ADDRESS OF HIS HOLINESS
POPE JOHN PAUL II
TO H.E. Mr MOHAMED-SALAH DEMBRI,
AMBASSADOR OF ALGERIA TO THE HOLY SEE*
Thursday, 24 April 1997
Mr Ambassador,
1. I am pleased to welcome your Excellency to the Vatican on the occasion of the presentation of the Letters accrediting you as Ambassador Extraordinary and Plenipotentiary of the Democratic and Popular Republic of Algeria to the Holy See.
I would be grateful if you would convey to President Liamine Zéroual and to the Algerian people my best wishes for the happiness and prosperity of the whole nation, as I pray to the Most High to grant them the gift of peace so greatly desired.
2. Mr Ambassador, you have stressed the need for respect of the beliefs of each person as well as for individual and collective freedoms, in order to establish a true State of law. To advance on the paths of progress and harmony, it is indeed indispensable to satisfy people’s just aspirations, opening future horizons founded on real solidarity between all citizens and on their mutual acceptance of different sensitivities. But the responses to these expectations cannot be limited to purely economic and material dimensions; they must take into account every aspect of human life, especially by permitting the essential spiritual and cultural needs of individuals and society to be legitimately satisfied.
3. I am pleased with what you said about your country’s commitment to partake in building a world of greater solidarity and justice. To reach stability and peace between nations, it is necessary today to promote understanding and co-operation. In this perspective, the efforts made by the Mediterranean countries to encourage a better mutual understanding and their peoples’ wellbeing must receive support. Dialogue between believers of different religious traditions must also allow a spiritual openness that favours fruitful collaboration in the service of the local peoples.
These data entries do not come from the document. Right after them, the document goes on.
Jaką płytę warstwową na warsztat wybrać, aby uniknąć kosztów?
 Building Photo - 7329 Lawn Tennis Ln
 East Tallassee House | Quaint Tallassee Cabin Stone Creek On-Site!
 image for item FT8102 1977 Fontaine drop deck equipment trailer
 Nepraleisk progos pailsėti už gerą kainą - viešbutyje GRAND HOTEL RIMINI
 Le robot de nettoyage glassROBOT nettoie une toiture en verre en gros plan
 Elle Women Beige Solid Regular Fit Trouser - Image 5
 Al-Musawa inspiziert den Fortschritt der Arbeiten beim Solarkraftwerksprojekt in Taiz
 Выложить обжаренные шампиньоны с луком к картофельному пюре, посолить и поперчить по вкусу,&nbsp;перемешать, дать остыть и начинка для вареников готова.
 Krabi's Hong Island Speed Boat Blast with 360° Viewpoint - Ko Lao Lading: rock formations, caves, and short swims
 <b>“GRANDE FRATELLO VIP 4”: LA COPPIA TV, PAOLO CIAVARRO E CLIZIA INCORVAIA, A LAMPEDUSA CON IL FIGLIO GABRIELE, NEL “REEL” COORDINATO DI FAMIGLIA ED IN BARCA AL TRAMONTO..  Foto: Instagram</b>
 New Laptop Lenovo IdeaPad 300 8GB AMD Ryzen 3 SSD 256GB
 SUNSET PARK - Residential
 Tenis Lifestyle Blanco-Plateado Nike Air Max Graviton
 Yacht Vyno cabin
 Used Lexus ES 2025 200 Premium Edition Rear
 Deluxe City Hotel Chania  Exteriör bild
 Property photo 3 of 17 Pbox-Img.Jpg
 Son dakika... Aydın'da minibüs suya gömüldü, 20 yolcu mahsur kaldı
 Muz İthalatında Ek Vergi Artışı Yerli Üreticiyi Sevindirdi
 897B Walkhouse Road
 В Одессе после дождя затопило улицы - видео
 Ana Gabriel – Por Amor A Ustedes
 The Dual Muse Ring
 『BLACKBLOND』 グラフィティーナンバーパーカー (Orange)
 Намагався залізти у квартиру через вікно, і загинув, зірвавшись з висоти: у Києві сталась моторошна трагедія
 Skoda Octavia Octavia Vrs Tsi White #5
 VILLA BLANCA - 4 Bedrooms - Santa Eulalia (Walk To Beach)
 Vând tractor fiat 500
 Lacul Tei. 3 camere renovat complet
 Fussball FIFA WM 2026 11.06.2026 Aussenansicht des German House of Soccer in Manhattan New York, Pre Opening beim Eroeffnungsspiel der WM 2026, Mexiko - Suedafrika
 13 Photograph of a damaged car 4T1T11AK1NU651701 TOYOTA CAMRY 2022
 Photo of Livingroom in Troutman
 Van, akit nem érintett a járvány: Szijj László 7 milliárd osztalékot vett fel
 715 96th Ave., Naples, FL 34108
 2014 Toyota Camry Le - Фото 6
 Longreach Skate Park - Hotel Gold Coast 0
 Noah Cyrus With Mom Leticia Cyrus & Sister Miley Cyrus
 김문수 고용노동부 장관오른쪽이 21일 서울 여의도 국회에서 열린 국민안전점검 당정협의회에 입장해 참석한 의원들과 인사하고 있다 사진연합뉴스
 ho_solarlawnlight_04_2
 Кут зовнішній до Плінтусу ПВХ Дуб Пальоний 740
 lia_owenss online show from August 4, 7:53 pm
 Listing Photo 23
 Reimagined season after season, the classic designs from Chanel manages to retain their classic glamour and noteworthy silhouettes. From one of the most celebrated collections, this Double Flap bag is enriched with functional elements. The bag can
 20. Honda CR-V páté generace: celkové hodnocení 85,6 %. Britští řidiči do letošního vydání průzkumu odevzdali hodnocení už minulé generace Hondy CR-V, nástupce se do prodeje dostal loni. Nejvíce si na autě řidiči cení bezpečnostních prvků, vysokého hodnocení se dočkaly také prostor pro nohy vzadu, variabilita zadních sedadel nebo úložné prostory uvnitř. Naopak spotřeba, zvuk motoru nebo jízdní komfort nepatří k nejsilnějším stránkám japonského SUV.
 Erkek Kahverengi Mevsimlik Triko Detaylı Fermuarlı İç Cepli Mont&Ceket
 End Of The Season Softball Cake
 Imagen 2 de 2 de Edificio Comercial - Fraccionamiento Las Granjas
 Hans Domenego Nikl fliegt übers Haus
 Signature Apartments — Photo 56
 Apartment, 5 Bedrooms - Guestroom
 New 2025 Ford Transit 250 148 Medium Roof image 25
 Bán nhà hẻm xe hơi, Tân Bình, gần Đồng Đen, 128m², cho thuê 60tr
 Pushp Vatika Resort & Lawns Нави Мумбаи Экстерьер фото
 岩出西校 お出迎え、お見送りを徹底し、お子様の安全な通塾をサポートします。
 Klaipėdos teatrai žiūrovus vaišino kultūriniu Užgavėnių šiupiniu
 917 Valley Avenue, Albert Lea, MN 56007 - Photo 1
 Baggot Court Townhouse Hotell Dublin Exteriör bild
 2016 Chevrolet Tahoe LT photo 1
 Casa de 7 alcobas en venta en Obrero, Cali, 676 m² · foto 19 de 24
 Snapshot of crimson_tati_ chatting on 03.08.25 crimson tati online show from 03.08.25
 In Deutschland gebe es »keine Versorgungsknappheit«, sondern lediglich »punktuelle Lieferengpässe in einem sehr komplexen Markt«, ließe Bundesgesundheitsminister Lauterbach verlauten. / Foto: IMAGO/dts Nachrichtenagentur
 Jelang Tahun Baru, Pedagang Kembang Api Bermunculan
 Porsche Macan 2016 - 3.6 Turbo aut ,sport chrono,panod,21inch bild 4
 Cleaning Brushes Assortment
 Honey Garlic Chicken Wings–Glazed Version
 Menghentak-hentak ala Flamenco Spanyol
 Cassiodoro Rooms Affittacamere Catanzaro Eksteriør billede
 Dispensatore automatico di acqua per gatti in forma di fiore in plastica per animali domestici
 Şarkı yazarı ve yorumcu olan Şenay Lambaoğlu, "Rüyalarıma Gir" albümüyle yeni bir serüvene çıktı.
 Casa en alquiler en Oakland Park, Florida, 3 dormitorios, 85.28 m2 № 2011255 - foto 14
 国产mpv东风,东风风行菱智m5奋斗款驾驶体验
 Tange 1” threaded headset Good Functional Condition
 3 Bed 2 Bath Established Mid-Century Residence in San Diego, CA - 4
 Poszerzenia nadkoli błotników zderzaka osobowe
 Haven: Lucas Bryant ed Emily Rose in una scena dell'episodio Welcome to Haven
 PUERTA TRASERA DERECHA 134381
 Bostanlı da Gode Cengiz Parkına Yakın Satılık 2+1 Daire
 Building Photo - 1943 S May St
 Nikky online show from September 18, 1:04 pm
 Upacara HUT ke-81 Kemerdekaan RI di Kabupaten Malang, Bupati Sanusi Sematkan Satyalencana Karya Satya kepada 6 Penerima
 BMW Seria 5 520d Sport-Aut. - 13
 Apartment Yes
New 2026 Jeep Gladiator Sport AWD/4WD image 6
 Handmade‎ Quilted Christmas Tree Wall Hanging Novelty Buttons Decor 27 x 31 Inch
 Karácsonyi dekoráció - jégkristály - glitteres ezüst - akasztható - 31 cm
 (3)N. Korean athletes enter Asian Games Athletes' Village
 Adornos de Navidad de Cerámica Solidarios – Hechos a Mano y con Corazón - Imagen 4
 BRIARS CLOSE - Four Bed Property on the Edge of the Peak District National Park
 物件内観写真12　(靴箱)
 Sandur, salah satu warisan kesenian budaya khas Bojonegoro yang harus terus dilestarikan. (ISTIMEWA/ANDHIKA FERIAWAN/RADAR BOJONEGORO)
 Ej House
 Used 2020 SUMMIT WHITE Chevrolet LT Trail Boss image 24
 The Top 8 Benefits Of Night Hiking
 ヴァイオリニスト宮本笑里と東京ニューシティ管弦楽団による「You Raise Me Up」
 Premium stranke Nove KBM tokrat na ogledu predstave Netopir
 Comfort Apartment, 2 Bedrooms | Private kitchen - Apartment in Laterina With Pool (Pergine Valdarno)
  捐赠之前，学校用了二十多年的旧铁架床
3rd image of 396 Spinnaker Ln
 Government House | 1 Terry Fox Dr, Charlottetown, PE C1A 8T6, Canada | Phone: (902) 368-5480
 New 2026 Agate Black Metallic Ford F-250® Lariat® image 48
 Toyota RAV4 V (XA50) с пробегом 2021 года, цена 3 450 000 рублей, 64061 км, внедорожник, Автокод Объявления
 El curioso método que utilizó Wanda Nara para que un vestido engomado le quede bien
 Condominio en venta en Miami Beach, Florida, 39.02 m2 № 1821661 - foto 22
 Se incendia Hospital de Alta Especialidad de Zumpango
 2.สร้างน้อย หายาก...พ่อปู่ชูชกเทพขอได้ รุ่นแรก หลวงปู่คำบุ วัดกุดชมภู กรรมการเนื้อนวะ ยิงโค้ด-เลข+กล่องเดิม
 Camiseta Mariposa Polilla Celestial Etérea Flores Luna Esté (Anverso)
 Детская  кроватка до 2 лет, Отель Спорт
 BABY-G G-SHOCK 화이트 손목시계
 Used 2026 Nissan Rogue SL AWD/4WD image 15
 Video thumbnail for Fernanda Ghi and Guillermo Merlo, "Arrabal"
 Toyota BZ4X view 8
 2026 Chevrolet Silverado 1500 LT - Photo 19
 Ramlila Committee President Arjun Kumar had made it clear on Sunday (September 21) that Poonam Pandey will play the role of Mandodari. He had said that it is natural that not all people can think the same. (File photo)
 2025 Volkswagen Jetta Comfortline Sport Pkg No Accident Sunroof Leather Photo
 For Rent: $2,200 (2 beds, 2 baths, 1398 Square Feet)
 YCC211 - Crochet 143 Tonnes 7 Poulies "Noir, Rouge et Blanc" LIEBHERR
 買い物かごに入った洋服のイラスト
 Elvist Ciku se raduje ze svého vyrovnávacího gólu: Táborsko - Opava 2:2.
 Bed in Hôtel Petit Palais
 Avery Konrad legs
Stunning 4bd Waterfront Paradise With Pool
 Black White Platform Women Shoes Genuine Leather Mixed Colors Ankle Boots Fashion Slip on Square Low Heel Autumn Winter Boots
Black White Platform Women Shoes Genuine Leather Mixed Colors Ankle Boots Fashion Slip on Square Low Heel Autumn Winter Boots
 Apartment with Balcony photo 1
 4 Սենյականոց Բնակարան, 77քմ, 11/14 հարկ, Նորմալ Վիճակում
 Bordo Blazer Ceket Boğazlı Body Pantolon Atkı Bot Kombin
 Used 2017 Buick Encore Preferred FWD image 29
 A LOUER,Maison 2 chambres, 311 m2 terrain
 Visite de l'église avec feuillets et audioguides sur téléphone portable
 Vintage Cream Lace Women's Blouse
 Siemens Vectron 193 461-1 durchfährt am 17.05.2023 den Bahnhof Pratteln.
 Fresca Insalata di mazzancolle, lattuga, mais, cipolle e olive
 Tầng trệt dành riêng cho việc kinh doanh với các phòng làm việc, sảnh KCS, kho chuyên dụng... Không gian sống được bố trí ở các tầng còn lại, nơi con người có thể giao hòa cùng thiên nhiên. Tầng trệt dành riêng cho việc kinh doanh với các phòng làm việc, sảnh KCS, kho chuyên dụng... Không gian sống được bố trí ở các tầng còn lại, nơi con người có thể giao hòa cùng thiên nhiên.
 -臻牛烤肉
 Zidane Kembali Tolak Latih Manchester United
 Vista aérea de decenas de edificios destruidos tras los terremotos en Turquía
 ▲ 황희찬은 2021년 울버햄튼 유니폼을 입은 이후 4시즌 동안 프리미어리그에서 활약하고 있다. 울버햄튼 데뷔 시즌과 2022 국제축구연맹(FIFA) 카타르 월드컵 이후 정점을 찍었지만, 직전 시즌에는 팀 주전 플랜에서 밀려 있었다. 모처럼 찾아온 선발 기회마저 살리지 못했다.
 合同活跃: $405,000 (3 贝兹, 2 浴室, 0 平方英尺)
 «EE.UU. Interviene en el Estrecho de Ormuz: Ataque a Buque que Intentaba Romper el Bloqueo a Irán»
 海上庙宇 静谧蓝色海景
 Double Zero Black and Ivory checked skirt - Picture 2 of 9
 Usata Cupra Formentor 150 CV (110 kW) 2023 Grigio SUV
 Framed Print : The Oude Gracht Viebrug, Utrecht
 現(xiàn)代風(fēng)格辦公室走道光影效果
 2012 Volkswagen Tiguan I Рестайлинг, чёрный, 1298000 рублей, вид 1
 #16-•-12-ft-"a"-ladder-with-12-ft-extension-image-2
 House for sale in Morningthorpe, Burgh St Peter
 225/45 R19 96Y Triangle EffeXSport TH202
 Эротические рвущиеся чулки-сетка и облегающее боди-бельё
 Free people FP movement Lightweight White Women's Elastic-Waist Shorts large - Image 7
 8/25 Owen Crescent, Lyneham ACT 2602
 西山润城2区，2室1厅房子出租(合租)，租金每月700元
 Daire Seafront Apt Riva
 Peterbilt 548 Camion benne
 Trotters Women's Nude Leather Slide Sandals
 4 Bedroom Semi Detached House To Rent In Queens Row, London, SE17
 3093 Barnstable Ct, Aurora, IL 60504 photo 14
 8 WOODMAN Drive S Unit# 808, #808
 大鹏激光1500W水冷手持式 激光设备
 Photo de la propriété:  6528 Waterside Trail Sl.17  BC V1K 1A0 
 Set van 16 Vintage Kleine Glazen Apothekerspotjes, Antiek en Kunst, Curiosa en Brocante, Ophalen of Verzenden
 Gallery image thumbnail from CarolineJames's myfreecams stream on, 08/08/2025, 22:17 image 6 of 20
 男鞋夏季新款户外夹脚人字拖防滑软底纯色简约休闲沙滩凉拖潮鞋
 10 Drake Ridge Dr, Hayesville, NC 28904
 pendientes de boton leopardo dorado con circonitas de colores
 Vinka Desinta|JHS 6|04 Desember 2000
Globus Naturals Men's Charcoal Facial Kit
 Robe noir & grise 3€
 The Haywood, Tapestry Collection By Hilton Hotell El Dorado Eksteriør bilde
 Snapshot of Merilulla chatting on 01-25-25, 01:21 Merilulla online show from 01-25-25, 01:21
4. As we approach the third millennium, the Catholic Church hopes that nations and human communities will set out together “on a true pilgrimage of peace, starting from the concrete situation in which we find ourselves” (Message for World Day of Peace 1997; L’Osservatore Romano English edition, 18/25 December 1996, p. 3). For too many people violence has become a tragic daily reality. The sufferings it causes appeal to the consciences of all people of goodwill and invite them to constantly seek the path of reconciliation. This path is difficult and strewn with obstacles; yet the culture of violence must give way to the “culture of peace”. Only the sincere will to reach effective reconciliation can enable resistance to be overcome, and the common good to be sought before individual interests.
By your presence here, your country is showing its desire to give an important place to the spiritual and moral values without which a society cannot be built to last. I hope that the long-standing ties between the Apostolic See and Algeria will allow an ever greater understanding that will contribute to harmony between the human communities.
5. Through you, Mr Ambassador, may I address an affectionate greeting to the small Catholic community in your country. In recent months it has several times been struck tragically by blind violence, thus sharing the condition of so many of your compatriots. I hope that the sacrifice of the Bishop of Oran, of the Trappist monks of Notre-Dame-del'Atlas, as well as that of several other men and women religious may be for your country a pledge of hope and faith in a future of justice and mutual respect. I repeat to the Bishops and Catholics of Algeria my encouragement in their generous witness to brotherhood with all the Algerian people. I remain close to them, and I pray God that the moment of reconciliation and peace will come quickly to this land which has suffered so many trials.
6. At the start of your mission, I offer you my best wishes for the noble task that awaits you. I assure you that you will always find an attentive welcome and cordial understanding among my co-workers.
I willingly invoke on Your Excellency and on all the Algerian people, an abundance of the Almighty’s blessings.
*L'Osservatore Romano. Weekly edition in English n. 20 p.7.